• **The task**
Look through the material below and copy exactly the lines from the line with "Two lovers and" to the line with "HO Brass Custom", those two lines included.

########################################

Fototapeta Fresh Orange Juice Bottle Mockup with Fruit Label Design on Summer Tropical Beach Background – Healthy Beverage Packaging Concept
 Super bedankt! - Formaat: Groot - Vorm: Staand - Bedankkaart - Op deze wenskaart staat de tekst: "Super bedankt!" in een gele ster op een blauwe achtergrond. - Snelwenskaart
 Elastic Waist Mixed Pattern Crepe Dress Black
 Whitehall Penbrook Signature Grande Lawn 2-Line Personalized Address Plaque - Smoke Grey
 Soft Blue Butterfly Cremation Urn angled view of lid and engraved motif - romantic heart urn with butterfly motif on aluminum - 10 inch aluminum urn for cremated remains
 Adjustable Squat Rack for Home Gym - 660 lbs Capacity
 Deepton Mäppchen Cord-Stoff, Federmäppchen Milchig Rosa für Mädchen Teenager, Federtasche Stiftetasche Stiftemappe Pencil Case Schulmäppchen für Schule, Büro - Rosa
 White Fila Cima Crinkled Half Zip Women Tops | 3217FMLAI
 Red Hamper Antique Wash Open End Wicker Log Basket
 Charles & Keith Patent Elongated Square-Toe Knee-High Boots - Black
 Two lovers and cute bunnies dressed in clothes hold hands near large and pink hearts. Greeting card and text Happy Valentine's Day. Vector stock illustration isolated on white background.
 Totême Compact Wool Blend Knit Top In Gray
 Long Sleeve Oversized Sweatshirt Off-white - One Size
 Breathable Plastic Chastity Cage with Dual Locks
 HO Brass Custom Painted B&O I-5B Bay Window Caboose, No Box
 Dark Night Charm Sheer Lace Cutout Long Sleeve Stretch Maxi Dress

########################################

• **Exercise output**
 Two lovers and cute bunnies dressed in clothes hold hands near large and pink hearts. Greeting card and text Happy Valentine's Day. Vector stock illustration isolated on white background.
 Totême Compact Wool Blend Knit Top In Gray
 Long Sleeve Oversized Sweatshirt Off-white - One Size
 Breathable Plastic Chastity Cage with Dual Locks
 HO Brass Custom Painted B&O I-5B Bay Window Caboose, No Box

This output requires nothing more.